The KU Natural History Museum is the home of Comanche, the horse ridden by Captain Myles Keogh at the Battle of Little Bighorn in 1876. After Comanche's death, Lewis Lindsay Dyche taxidermied the horse for the 7th Calvary, but Comanche stayed with the museum's collections. In 2005, museum staff completely restored the mount and created a new display on the fourth floor. Comanche is one of the most visited exhibits in the museum.

Adult Diamphidialocusta photo

On June 25, 1876, General George Armstrong Custer led a detachment of troops from the United States Army's 7th Cavalry at what is now known as the Battle of Little Big Horn; a U.S. National Park monument is located at the site today in Montana.
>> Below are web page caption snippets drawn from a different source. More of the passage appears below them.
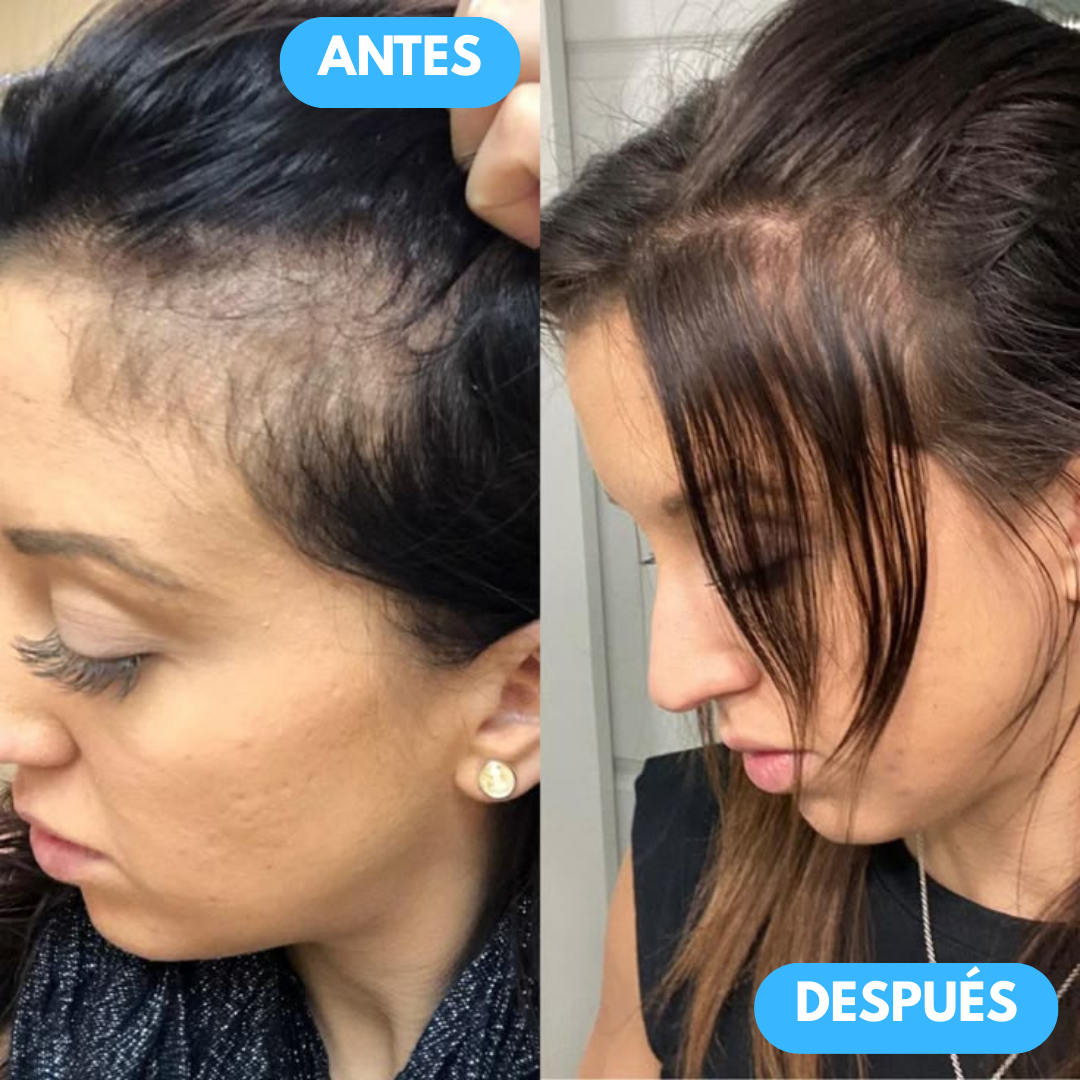 PACK ANIVERSARIO GRATIS | Champú AntiCaída Sovana - Refortalece tu cabello en 7 días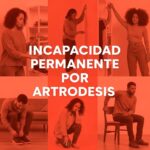 Incapacidad permanente por Artrodesis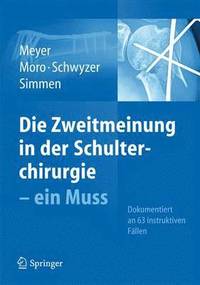 bokomslag Die Zweitmeinung in der Schulterchirurgie - ein Muss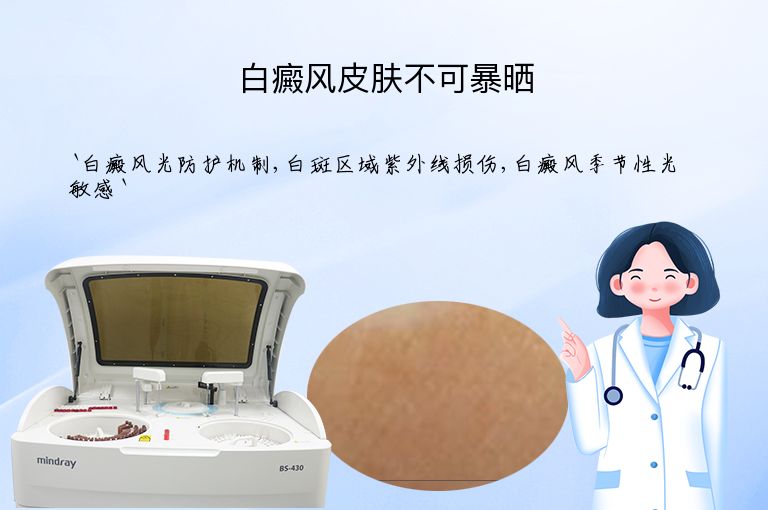 白癜风皮肤不可暴晒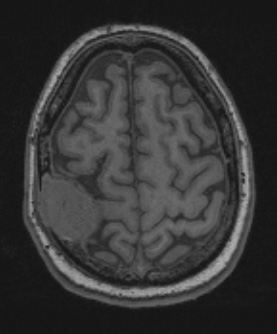 2A1 Plasmacytoma (Case 2) T1noC - Copy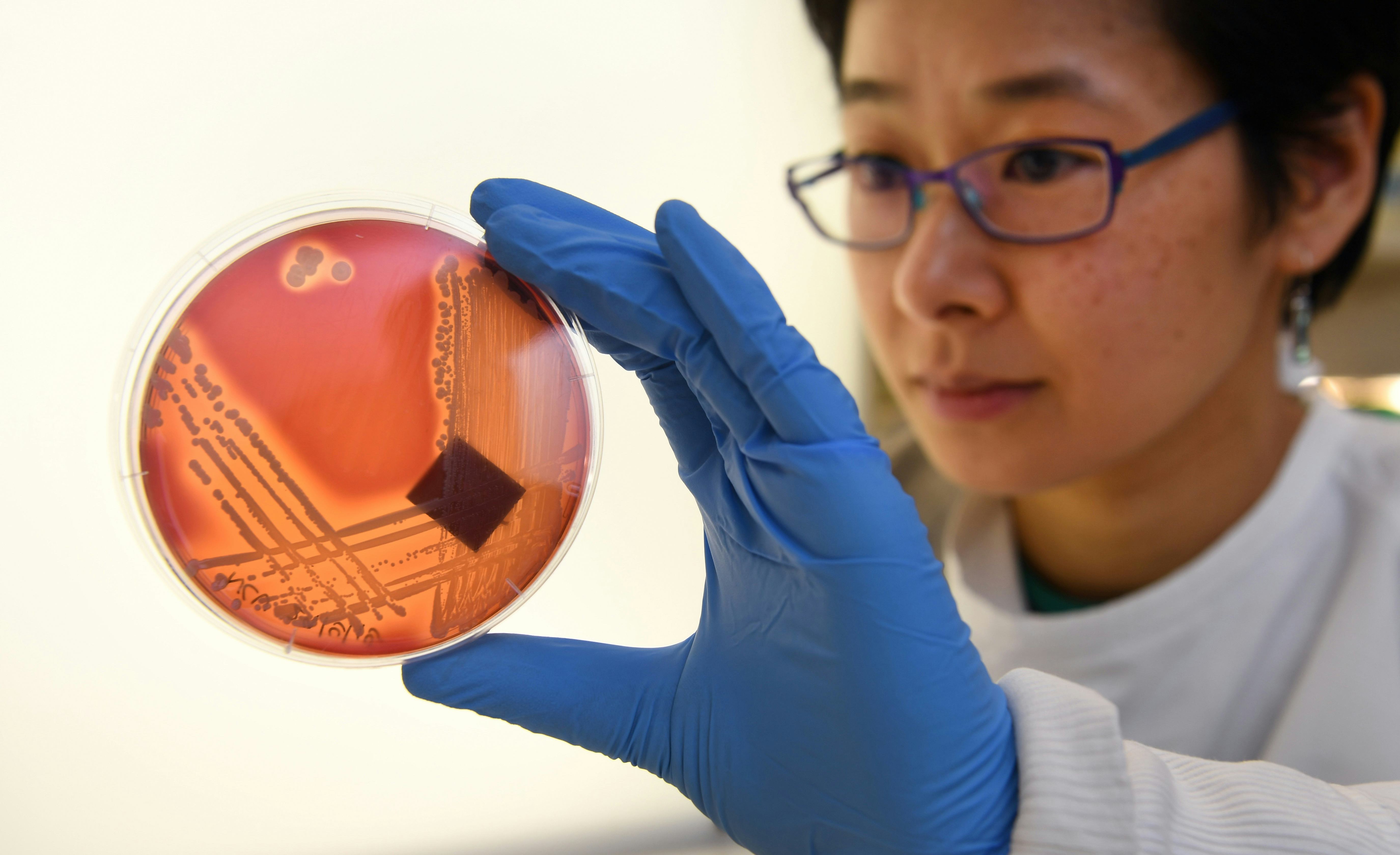 The next pandemic could come from antibioticresistant bacteria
United States Army Captain Myles Keogh rode a bay horse named Comanche into the battle, and two days after the battle's conclusion the horse — severely injured — was the only living survivor left on the field. More than 200 US cavalrymen were killed that day as well as several dozen Sioux, Cheyenne, and Arapaho men, women and children. After the battle, Comanche was nursed back to health but he was retired and orders were given that he should never be ridden again.

Historic Comanche photo

When Comanche died several years later, Professor Lewis Lindsay Dyche answered the call of 7th Calvary officers who wanted Comanche's remains to be preserved.

Comanche Taxidermy photo

Dyche waived his $400 fee in exchange for allowing KU to keep the mount, which was made of wood, wire and clay, with the skin stretched over the structure. First displayed at the 1893 world's fair, Comanche is still exhibited at the KU Natural History Museum.

Comanche at the Natural History Museum photo

In 2005, museum staff carefully dis-mantled the old Comanche exhibit on the fifth floor of the museum and restored the mount. Visitors can visit the exhibit on the fourth floor of the museum.